Good morning Iditarodians ... it's been an interesting race so far, right? Although no big surprises, either in the field or with the trail. Most of the leaders have now taken or are now taking their "24" - the 24-hour rest they must take somewhere along the route - and that signals the start of the real race.
[right: Martin Buser's lead dog Fiddle takes a well deserved rest]
Defending champion Dallas Seavey was leading the race by a pretty wide margin, and mushed all the way to Cripple before taking his 24. His father Mitch, himself a four-time champion, opted for the book move and took his in Takotna. Other leaders are or were resting in McGrath. And another ex-champion Jeff King looks like he's headed through Cripple, and going all the way to Ruby before resting his team. Different strategies ... which one will win?
I'm loving my little Iditaflow tracker, it makes visualizing and pondering all these permutations much easier. If you haven't already, please check it out. (And for those of you who have, thanks for the nice feedback :) I'm pondering a change to analyze rest/run cycles, and maybe even project when a musher would reach Nome. Stay tuned!
[left: Iditaflow on 3/10/16 at 7:30 AKST... please click to enbiggen!]
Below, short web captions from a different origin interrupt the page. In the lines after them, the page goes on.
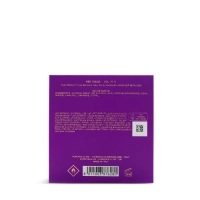 Dylan Purple Eau de Parfum - 100ml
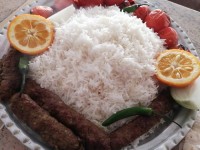 شام امشب جاتون خالی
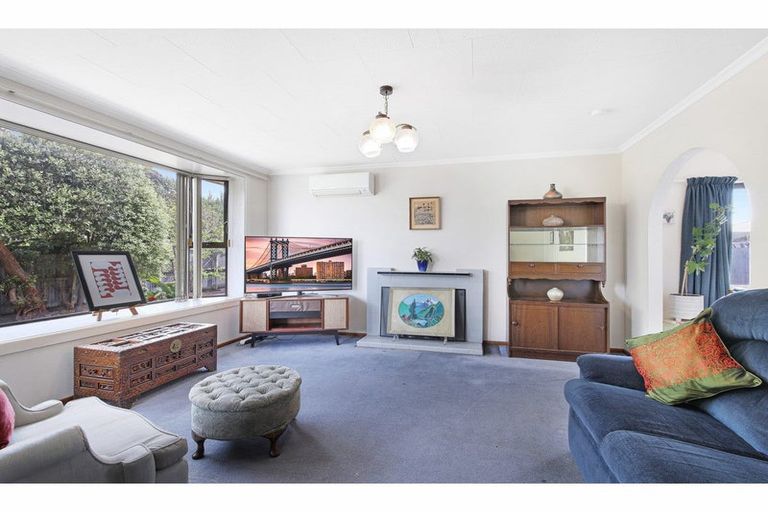 Photo of property in 50 Bracebridge Street, Kaiapoi, 7630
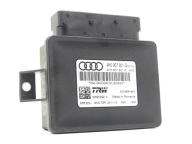 MODUŁ STEROWNIK HAMULCA RĘCZNEGO AUDI A6 C7 A7 4G 4H0907801G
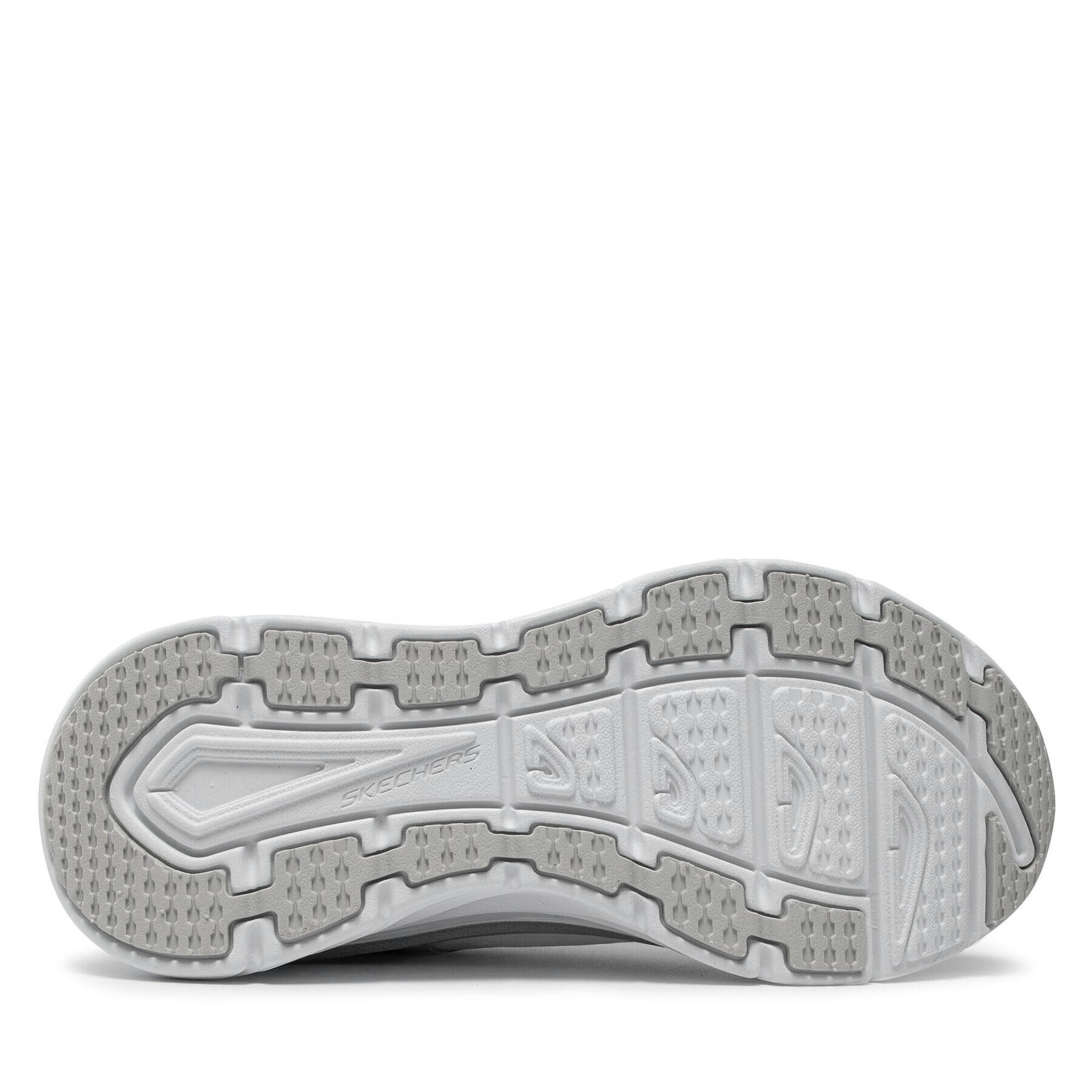 Skechers Сникърси Infinite Motion 149023/WSL Бял - Pepit.bg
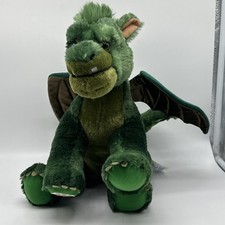 Build bear pete for sale  Saint Charles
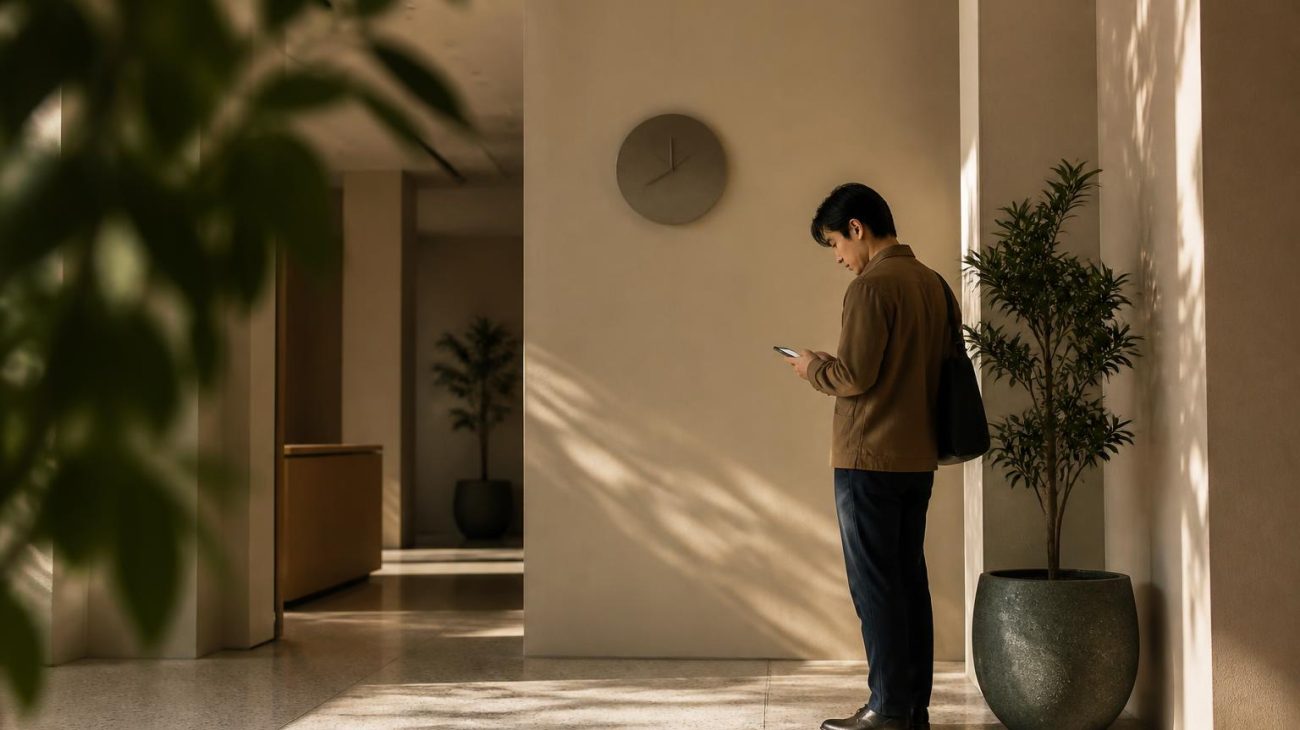 Beyond the Obvious: Practical Ways to Improve Everyday Life Through Small, Consistent Habits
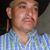 Abraham Chavez's profile image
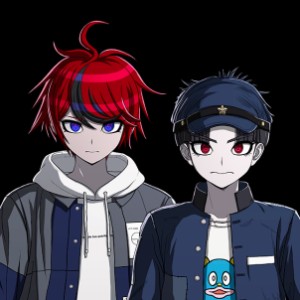 Takumi/Gaku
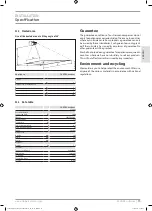 Preview for 15 page of STIEBEL ELTRON IA 2024 outdoor Operation And Installation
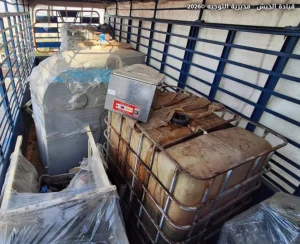 G R5 P4 OXQAAAx T 0c4576554d7796ef57a6523a929111e4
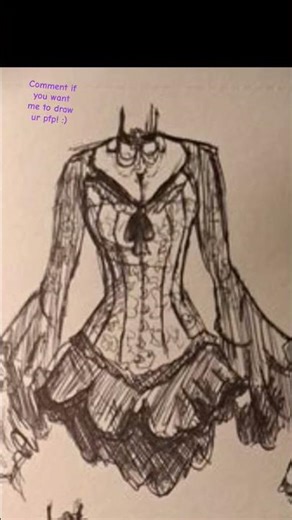 comment if u want me to draw ur pfp! #drawing #remix #artdump #pixelmash #pixelpusher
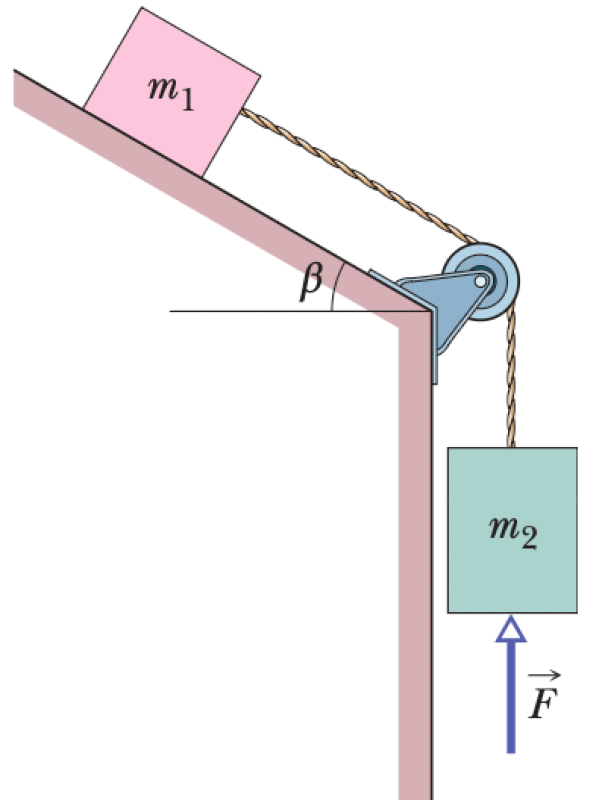 01K63GC13SMMS99RC34EF7C69H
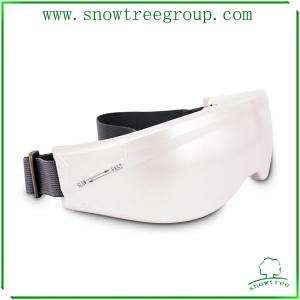Wholesale eye protect glasses eye massager and protector good quality with manufacture price from china suppliers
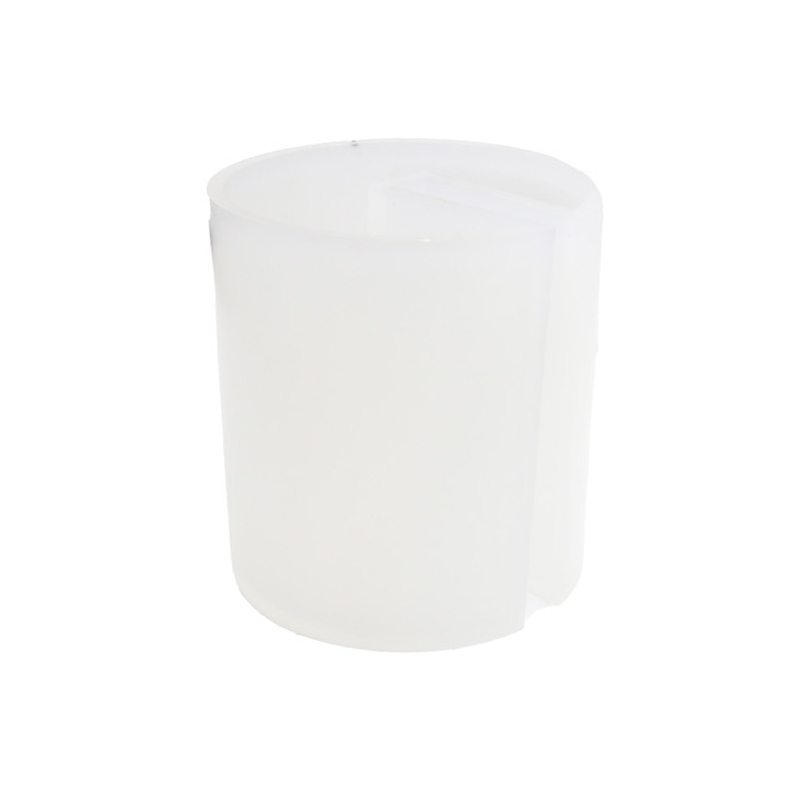 Tasse à huile FKD-9098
Meanwhile here are some more great pictures from the trail, courtesy of erstwhile mushing champion and now official Iditarod blogger Sebastian Schnuelle...
Here's an interesting analysis of the runtime and rest schedules of the leading mushers so far. By carrying dogs and allowing them to rest, teams can run further and rest less, but their speed will be less, too.
[right: Mitch Seavey's sled, showing the "caboose" where dogs can rest while the team continues running.]
Welcome to McGrath! I love this poster... to the small villages along the Iditarod route this race is a big deal, and in fact it's a big deal all throughout Alaska too.
Here's a great shot of my favorite (and many others') DeeDee Jonrowe, flying along the team with her team in their signature pink. DeeDee isn't quite up with the leaders this year - currently, she's in about 45th place - but let's hope she makes a late surge and moves up.
The race isn't even halfway yet and it's hard to judge positions; a well rested team can make up a lot of ground on a tired team along the ice at the end.
Here's Kelly Maixner's team, coming into Ophir; Kelly is always a strong contender but looks especially good this year.
He has a more traditional sled setup and runs a more traditional rest/run schedule, but it's working just fine so far. There's a reason the conventional wisdom is called wisdom :)
And here's a beautiful shot of Brent Sass and his team, flying into Cripple. The dark coats and lime green booties are an especially effective combination in the dusk, don't you think? Brent was tapped to be among the contenders this year and he his, posting some of the fastest point-to-point times.
Here's a shot of the race situation as of this morning. You can see Jeff King way out ahead, having bypassed McGrath, Takotna, Ophir, and Cripple; he's obviously planning to run all the way to Ruby and take his 24 there. Meanwhile Dallas Seavey is in the middle of his 24 at Cripple, and there's a big pile of mushers at Ophir too. Onward!